Delphini is bent over the sink, scrubbing the heavy cast iron pot.

“What are you doing?” I demand, storming over to her and ripping the large cauldron from her hands. Soap drips down my arm, and my nerves morph into fury. “Are you fucking stupid?”

“No.” She scowls at me.

“Then why are you fucking ruining my pot with soap?”

“It was disgusting, it needed cleaning.”

“Don’t fucking touch this again with soap, or I’ll cook you in it.” I snarl. It’s an empty threat, an overreaction, but this is an heirloom. One of our former cooks, a Dwarven woman with a fierce taste for spicy food, had taken this as retribution after she killed her husband. It is a proud mark of honour on this ship.

“I’m trying to do the job given to me,Captain.”

She calls me that without an ounce of respect behind the title, and yet it sets me ablaze. It makes my blood boil all the more when I think of her moaning it as she begs for release. My scowl deepens as I swing the pot back onto the massive stove. I will have to get Cookie, our resident chef and troll, to preseason this before it rusts.
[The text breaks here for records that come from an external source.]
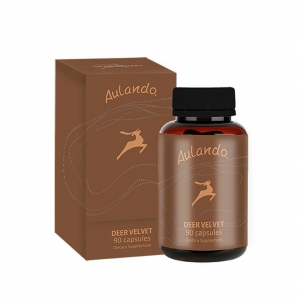 Aulando欧兰多 超高含量鹿茸1520精华丸 90粒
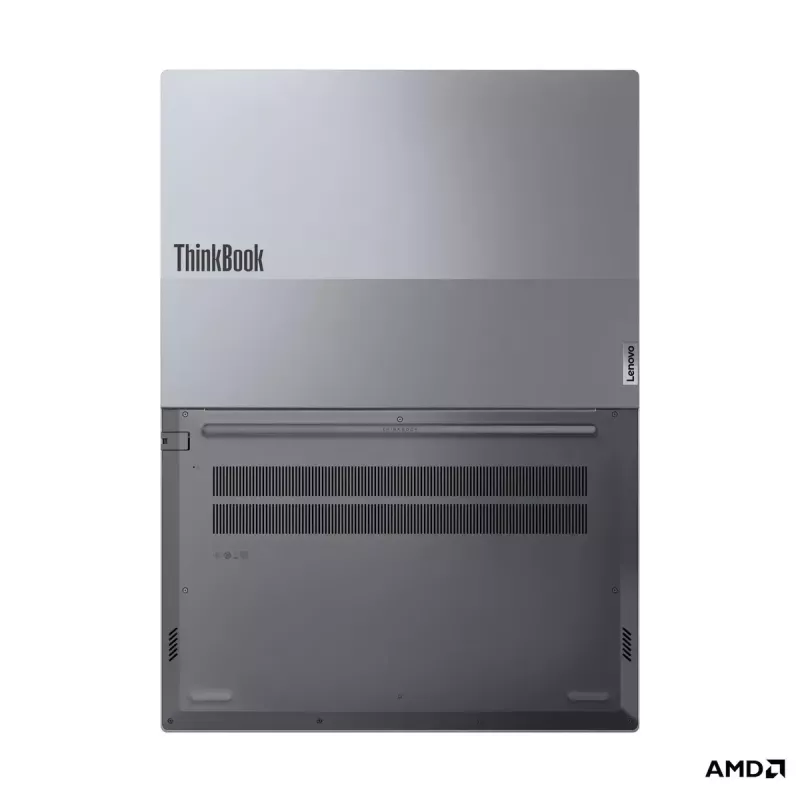 Laptop Lenovo ThinkBook 16 G9 AHP — AMD Ryzen 5 (do 4,9 GHz), Radeon 740M, 16 cali IPS 1920×1200, 16 GB RAM, 512 GB NVMe, Wi‑Fi 7, Gigabit Ethernet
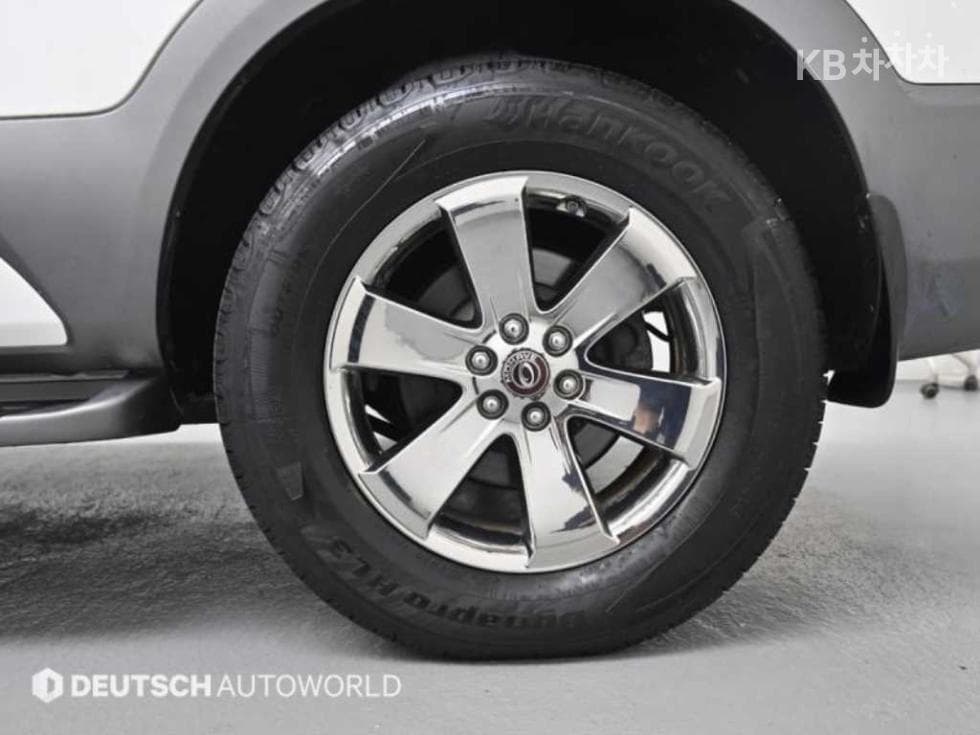 (55du5217)Kia Mojave 4WD KV300 Luxury - 5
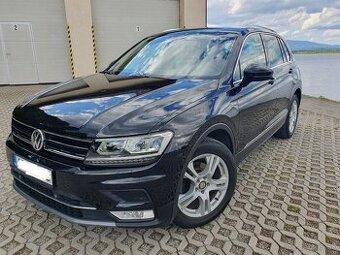 Volkswagen Tiguan Highline 2.0 TDi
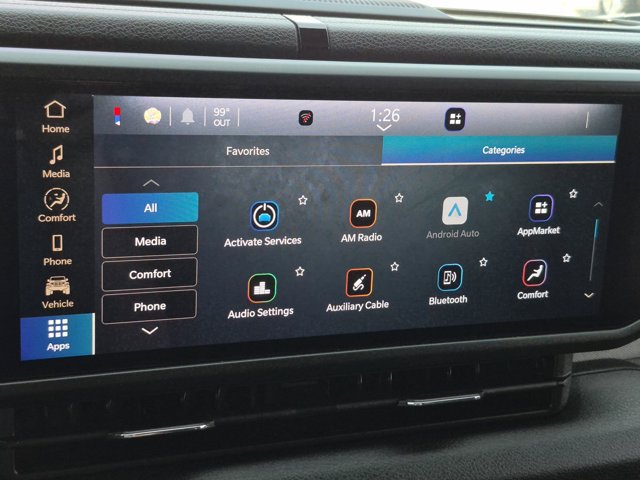 Used 2025 Jeep Gladiator Mojave AWD/4WD image 23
It takes me a moment to realise Delphini isn’t scared. She isn’t concerned that I will make good on my threat or that I am tossing a sixty-pound cauldron around as if it were a wooden ladle. She looks too relaxed with her hip resting on the counter and the scrub brush still in her hand. Her gaze is fixed on where my forearm had strained, revealing a small strip of my wrist.

She looks tired, too.

Fuck me. Why do I care that she is tired? I learned the hard way that nobody cares for a tired and poor being. Nothing is given away for nothing. We have to work to keep our heads above water.

I sigh heavily. “We are going out.”

“Likeoutout?” she asks, an enthusiasm bubbling in her voice that has me blinking owlishly.

“Sure, whatever the fuck that means.”

Delphini drops the brush she is holding into the sink and bolts out of the kitchen. Her bare feet slap against the shining floor mosaics. Well, she at least knows how to clean something. Before my thoughts can wander, I head for the great hall, thinking she will also be there, but I am, in fact, standing in the room alone.

My eyes are drawn to the floors again. The grout between each of the small tiles is pristine, the whitest it has been since we first installed them. Now my mind really does go through a series of hoops, from thinking about her bent over with her ass in the air, to how sore she must be from the work, to how she hasn’t complained once. For five days, I have made sure this woman has been put through the wringer just to avoid her.

Although she has made her existence known to me any chance she could, Delphini has proven she doesn’t give up. I suppose that can be said for all of us on this ship. We aren’t quitters. Life has tried to beat us down and has killed us all once, though even in death, we have refused to give up. We all earn the power and blessings that Love bestows on us.

Doesn’t matter. She won’t be coming back to the ship after tonight. She is not going to be a problem for us once I hand her over to the others. It will be smooth sailing into the tourist season and I will return to hunting properly to kill Augustine Ravenscroft. Everyone will forget she was ever here.

A few moments later, Delphini returns from her room. She looks fresher– her face is washed of sweat and she has a new dress on instead of the trousers and shirt she has been wearing.